Read Path

DSE Version: 6.0

Video

Exercises

Let's have a look at how Apache Cassandra reads data; this unit is about the Apache Cassandra read path.

NO TRANSCRIPT AVAILABLE.

No write up.

Exercise 17 – Read Path

In this exercise, you will:

  • Understand the Apache Cassandraread path.

Steps

1) To begin, we need to populate our single-node cluster with a good chunk of data. We will use cassandra-stress to do so. Execute the following command in a terminal window. Wait for cassandra-stress to complete before continuing.

     /home/ubuntu/node/resources/cassandra/tools/bin/cassandra-stress write no-warmup n=250000 -port native=9041 -rate threads=1

Take a visit to the water cooler while this executes. Catch up with your coworkers, shoot the bull, etc.

2) Now force Apache Cassandra™ to flush its current memtable to disk by executing the following command:

     /home/ubuntu/node/resources/cassandra/bin/nodetool flush

3) In your terminal, navigate to the data directory for the large table that cassandra-stress wrote. Remember that cassandra-stress creates a keyspace called keyspace1 and a table called standard1. You will find the directory as illustrated below, however, your table ID will differ. Use the tab key in the terminal to use helpful autocompletion.

ubuntu@ds201-node1:~$ cd /home/ubuntu/node/data/data/keyspace1/standard1-9b3c...0e72657334
ubuntu@ds201-node1:/home/ubuntu/node/data/data/keyspace1/standard1-9b3c...0e72657334$

4) Use the following command to list the bloom filter files for your SSTables:

     ls -lh *Filter.db

ubuntu@ds201-node1:/home/ubuntu/node/data/data/keyspace1/standard1-9b3c...0e72657334$ ls -lh *Filter.db
-rw-rw-r--1 ubuntu ubuntu 305K Apr 12 13:28 mc-1-big-Filter.db
-rw-rw-r--1 ubuntu ubuntu 65K Apr 12 13:28 mc-2-big-Filter.db
-rw-rw-r--1 ubuntu ubuntu 65K Apr 12 13:29 mc-3-big-Filter.db
-rw-rw-r--1 ubuntu ubuntu 50K Apr 12 13:35 mc-4-big-Filter.db

Take note of the file sizes. We will now decrease the probability that a bloom filter will return a false positive and see how this affects the bloom filter files sizes.

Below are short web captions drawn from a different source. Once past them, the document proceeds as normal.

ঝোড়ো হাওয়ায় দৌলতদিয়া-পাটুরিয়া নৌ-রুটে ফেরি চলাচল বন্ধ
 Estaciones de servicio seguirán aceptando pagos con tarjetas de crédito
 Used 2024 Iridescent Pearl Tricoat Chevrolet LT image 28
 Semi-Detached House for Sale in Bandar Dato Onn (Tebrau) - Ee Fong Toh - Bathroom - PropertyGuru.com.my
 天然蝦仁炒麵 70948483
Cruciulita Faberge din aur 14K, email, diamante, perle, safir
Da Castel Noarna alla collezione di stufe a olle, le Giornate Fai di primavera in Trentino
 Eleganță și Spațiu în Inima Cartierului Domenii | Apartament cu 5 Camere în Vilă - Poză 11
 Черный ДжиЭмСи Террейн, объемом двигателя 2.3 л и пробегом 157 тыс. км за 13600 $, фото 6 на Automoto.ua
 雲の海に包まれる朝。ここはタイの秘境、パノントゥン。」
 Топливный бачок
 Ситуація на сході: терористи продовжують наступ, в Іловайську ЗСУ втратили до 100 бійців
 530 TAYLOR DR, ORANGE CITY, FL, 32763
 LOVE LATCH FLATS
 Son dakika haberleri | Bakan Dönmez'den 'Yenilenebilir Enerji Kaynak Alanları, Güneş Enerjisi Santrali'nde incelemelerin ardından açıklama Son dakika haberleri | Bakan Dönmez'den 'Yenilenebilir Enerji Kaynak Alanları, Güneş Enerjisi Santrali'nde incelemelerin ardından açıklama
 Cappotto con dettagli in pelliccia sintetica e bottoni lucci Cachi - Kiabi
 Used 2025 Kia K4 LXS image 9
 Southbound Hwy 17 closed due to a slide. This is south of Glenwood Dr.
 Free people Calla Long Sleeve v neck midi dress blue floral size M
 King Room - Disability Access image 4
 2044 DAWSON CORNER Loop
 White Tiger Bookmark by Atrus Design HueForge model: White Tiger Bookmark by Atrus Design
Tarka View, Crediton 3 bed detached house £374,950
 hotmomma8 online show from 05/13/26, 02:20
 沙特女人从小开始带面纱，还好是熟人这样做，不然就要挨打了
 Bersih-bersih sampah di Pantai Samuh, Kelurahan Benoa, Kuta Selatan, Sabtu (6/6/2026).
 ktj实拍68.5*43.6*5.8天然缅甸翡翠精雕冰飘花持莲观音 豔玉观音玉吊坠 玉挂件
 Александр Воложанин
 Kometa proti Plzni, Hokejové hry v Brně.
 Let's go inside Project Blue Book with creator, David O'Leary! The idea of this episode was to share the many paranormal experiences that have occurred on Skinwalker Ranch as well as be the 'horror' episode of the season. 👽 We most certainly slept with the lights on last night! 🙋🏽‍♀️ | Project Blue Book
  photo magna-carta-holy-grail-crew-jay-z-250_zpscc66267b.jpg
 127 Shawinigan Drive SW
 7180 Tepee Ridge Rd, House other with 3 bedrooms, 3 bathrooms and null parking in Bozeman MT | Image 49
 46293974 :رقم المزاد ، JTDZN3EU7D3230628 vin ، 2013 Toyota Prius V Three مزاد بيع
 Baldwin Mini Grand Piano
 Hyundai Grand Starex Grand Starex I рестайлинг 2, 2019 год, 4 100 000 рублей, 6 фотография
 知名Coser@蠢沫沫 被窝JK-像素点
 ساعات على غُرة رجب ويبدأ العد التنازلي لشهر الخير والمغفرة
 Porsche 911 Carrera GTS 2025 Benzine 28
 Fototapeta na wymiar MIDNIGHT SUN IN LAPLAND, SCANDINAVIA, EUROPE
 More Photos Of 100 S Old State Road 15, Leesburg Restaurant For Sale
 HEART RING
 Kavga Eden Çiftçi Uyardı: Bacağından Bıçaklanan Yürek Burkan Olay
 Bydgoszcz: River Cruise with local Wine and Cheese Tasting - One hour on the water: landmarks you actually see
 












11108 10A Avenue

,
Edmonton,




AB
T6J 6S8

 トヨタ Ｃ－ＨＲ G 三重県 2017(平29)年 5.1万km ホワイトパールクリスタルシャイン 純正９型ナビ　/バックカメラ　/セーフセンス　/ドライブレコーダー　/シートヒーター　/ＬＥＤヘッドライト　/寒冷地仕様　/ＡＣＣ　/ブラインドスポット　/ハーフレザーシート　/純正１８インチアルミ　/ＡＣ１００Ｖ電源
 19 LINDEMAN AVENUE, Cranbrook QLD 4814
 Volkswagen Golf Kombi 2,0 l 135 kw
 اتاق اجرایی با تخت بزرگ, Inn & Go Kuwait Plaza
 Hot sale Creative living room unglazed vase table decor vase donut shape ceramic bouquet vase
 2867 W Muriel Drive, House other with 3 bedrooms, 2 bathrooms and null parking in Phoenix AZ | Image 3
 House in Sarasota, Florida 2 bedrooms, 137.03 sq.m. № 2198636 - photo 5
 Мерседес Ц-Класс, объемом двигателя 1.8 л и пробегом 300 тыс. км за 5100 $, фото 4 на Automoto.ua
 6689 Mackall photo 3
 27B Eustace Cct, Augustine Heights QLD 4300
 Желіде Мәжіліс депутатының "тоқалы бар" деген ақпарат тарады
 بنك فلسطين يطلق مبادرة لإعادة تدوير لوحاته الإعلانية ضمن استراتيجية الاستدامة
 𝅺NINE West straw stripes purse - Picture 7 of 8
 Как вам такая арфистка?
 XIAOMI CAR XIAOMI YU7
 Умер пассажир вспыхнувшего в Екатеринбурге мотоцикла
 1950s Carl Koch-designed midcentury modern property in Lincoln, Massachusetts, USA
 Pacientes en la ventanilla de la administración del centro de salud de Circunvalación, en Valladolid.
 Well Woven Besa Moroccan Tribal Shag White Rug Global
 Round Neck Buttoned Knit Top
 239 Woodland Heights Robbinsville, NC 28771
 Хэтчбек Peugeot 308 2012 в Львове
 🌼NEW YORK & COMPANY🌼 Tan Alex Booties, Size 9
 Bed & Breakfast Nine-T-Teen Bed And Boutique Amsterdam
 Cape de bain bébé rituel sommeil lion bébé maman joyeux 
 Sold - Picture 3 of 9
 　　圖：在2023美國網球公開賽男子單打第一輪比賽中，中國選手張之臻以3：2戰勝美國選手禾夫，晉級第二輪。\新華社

5) Execute the following command in cqlsh to view the current bloom filter settings:

     DESCRIBE keyspace keyspace1;

cqlsh> DESCRIBE keyspace keyspace1;
CREATE KEYSPACE keyspace1 WITH replication = {'class': 'SimpleStrategy', 'replication_factor': '1'} AND durable_writes = true;

CREATE TABLE keyspace1.counter1 (
          key blob,
          column1 text,
          "C0" counter static,
          "C1" counter static,
          "C2" counter static,
          "C3" counter static,
          "C4" counter static,
          value counter,
          PRIMARY KEY (key, column1)
) WITH COMPACT STORAGE 
          AND CLUSTERING ORDER BY (column1 ASC)  
          AND bloom_filter_fp_chance = 0.01
           ... 
          AND speculative_retry = '99PERCENTILE';

CREATE TABLE keyspace1.standard1 (
          key blob PRIMARY KEY,
          "C0" blob,
          "C1" blob,
          "C2" blob,
          "C3" blob,
          "C4" blob
) WITH COMPACT STORAGE
          AND bloom_filter_fp_chance = 0.01
          ...
          AND speculative_retry = '99PERCENTILE';

Note the bloom_filter_fp_chance is 0.01, meaning a 1% chance of a false positive. That's pretty good, but if we want an even smaller chance, we can trade space for it.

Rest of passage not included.